#### Task brief:
Among the lines below, copy exactly those from the one with "Hotel Weinhaus Wiedemann Ginsheim" through the one with "Ilustração de biblioteca", counting both ends.

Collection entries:

= = = =

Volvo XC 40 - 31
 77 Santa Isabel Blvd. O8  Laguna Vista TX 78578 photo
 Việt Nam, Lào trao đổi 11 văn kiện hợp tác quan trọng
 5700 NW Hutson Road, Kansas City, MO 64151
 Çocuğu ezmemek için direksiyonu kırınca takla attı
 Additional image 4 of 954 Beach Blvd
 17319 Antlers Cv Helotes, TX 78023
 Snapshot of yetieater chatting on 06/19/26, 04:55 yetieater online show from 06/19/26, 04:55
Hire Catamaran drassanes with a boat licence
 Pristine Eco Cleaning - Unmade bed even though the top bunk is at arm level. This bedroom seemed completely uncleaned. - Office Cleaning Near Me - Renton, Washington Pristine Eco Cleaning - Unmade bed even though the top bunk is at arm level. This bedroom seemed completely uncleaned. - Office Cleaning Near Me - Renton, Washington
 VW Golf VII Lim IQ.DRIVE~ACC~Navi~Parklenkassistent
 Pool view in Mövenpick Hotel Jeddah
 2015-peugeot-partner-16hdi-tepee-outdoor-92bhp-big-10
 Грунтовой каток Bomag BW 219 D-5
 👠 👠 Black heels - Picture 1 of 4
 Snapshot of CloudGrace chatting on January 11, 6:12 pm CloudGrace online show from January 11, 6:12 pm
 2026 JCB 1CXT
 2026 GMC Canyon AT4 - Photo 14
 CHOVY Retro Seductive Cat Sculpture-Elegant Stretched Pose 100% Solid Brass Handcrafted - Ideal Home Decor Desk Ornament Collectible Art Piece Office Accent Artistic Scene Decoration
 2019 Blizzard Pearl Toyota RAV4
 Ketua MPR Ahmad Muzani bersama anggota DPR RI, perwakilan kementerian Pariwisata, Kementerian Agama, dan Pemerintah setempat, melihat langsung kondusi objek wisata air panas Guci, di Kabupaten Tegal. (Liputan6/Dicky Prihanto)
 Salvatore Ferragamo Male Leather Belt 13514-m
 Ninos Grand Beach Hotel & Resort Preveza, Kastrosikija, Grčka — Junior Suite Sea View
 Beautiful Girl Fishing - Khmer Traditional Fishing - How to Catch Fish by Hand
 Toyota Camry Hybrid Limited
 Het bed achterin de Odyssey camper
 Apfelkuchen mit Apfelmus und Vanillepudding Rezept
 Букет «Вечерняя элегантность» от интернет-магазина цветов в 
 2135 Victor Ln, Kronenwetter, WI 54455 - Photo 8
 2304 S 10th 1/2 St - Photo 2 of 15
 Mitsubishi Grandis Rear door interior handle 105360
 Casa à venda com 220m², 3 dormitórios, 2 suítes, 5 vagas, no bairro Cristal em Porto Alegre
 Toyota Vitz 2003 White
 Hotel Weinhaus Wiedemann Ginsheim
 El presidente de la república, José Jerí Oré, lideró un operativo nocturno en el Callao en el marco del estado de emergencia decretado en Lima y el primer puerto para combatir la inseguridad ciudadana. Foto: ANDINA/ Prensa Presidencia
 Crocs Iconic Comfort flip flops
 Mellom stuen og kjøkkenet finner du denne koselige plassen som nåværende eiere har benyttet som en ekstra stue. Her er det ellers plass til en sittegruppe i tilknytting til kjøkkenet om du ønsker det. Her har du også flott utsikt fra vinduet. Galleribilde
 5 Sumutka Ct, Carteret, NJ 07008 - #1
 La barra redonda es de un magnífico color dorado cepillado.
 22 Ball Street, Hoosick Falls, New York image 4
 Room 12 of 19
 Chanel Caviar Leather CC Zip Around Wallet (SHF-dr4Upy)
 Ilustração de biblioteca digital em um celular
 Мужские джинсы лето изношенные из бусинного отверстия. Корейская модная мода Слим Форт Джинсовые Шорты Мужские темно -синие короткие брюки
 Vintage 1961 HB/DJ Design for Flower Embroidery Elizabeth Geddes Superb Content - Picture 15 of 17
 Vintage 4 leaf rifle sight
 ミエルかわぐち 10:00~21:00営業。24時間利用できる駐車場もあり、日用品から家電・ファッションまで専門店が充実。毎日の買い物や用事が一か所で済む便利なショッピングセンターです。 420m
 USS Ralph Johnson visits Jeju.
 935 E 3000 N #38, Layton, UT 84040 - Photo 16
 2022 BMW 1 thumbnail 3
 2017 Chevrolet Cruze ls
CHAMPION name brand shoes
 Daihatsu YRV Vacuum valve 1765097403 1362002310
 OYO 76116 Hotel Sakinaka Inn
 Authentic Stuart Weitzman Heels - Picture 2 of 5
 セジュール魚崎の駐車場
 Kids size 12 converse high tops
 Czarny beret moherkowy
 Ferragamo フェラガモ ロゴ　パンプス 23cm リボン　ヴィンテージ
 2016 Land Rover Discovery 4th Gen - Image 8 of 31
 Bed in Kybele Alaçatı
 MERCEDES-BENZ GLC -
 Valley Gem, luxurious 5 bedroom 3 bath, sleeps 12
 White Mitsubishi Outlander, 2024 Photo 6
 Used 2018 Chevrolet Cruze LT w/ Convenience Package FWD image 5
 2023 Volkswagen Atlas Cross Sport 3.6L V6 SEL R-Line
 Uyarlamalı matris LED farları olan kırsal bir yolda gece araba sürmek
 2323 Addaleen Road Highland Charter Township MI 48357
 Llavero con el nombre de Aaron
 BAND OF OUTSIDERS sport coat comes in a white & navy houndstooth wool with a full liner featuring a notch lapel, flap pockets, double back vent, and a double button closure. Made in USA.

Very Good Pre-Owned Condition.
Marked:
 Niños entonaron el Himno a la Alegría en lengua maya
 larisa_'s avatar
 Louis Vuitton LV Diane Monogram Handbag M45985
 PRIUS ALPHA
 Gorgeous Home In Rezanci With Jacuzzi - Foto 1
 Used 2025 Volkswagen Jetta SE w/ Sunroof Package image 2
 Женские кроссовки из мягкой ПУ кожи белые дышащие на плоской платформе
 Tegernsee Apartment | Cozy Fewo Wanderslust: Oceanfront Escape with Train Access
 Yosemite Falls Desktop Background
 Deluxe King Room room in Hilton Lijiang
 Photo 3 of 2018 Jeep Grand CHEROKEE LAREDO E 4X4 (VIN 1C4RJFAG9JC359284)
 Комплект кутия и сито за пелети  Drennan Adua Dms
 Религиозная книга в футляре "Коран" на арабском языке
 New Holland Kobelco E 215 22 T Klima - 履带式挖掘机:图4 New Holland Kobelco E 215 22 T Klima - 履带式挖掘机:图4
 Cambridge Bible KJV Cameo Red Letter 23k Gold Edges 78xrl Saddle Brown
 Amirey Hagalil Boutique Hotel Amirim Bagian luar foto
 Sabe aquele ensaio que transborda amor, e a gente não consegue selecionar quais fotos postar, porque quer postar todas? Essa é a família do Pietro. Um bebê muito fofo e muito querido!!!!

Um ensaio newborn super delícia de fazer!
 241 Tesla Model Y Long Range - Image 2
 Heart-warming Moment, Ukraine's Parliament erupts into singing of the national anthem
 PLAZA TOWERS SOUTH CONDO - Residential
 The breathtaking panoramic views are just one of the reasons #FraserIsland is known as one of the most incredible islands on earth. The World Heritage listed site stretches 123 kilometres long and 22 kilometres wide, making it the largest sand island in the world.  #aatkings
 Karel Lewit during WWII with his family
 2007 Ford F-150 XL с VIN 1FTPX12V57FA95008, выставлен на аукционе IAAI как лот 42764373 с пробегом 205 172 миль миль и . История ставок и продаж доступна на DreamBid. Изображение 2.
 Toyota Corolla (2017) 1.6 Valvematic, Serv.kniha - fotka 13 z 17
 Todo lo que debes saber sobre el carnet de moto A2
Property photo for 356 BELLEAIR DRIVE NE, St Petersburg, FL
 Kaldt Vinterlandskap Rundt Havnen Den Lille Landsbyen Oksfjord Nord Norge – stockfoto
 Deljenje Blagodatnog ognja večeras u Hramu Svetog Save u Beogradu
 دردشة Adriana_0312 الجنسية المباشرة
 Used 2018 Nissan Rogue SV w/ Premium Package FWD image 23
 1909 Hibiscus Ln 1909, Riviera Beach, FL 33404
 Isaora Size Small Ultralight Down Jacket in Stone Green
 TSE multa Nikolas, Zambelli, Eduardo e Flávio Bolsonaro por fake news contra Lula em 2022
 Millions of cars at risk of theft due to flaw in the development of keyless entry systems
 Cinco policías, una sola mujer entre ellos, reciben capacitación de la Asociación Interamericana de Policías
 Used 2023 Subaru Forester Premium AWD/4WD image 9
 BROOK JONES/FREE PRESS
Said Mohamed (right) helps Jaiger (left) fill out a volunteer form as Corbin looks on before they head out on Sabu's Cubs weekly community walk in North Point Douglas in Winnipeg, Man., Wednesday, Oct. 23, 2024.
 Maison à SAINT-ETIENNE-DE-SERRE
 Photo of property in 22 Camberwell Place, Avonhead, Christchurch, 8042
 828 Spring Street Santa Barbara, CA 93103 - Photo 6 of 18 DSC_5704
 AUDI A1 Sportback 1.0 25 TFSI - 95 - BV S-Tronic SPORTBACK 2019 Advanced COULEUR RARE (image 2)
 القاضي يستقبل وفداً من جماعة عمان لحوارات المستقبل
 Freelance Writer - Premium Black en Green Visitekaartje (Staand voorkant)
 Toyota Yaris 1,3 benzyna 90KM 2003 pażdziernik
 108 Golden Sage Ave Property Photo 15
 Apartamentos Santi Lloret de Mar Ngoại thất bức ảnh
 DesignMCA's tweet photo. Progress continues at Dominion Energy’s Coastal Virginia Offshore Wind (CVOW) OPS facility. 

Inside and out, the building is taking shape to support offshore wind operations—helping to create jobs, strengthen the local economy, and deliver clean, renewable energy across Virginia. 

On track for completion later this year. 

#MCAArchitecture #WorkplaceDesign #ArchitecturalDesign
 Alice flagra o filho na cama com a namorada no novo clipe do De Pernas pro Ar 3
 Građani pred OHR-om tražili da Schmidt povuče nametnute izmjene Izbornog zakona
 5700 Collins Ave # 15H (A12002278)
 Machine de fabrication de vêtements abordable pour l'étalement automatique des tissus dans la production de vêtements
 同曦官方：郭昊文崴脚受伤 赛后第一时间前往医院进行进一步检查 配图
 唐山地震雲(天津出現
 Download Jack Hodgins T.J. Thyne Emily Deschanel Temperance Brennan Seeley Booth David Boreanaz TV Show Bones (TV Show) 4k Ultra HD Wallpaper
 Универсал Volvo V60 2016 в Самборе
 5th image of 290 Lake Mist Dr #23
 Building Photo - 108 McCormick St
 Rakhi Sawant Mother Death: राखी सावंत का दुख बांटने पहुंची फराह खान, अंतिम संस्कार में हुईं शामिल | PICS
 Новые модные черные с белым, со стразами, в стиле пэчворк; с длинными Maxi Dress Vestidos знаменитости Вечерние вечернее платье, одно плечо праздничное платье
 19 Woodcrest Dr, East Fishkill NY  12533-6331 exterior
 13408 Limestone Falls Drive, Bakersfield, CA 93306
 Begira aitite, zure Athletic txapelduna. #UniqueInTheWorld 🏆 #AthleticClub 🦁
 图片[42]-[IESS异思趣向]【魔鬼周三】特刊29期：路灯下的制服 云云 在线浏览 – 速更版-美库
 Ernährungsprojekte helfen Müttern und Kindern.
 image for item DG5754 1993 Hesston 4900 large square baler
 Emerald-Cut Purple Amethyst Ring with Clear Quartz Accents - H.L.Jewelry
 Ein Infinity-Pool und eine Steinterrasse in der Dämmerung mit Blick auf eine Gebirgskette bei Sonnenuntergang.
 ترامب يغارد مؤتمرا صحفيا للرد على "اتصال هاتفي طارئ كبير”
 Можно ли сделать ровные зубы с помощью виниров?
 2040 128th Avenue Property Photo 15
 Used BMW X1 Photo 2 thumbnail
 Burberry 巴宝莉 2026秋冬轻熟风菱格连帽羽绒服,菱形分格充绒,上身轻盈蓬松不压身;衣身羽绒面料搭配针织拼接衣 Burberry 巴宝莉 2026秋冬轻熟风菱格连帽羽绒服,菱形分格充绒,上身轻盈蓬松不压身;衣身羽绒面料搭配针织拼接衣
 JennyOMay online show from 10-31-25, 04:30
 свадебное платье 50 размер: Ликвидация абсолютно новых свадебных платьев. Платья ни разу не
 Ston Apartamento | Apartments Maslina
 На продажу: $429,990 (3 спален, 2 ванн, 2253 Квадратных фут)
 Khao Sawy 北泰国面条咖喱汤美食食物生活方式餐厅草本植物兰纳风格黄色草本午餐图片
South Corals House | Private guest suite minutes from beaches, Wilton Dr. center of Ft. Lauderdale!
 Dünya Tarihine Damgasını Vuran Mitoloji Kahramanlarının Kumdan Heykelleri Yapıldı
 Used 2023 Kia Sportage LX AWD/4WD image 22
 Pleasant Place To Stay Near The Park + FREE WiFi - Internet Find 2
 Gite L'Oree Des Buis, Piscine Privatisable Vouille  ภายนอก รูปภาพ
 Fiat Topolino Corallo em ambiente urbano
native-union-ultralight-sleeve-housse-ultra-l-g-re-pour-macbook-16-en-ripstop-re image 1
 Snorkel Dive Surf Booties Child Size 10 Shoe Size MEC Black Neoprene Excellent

= = = =

#### Answer section:
 Hotel Weinhaus Wiedemann Ginsheim
 El presidente de la república, José Jerí Oré, lideró un operativo nocturno en el Callao en el marco del estado de emergencia decretado en Lima y el primer puerto para combatir la inseguridad ciudadana. Foto: ANDINA/ Prensa Presidencia
 Crocs Iconic Comfort flip flops
 Mellom stuen og kjøkkenet finner du denne koselige plassen som nåværende eiere har benyttet som en ekstra stue. Her er det ellers plass til en sittegruppe i tilknytting til kjøkkenet om du ønsker det. Her har du også flott utsikt fra vinduet. Galleribilde
 5 Sumutka Ct, Carteret, NJ 07008 - #1
 La barra redonda es de un magnífico color dorado cepillado.
 22 Ball Street, Hoosick Falls, New York image 4
 Room 12 of 19
 Chanel Caviar Leather CC Zip Around Wallet (SHF-dr4Upy)
 Ilustração de biblioteca digital em um celular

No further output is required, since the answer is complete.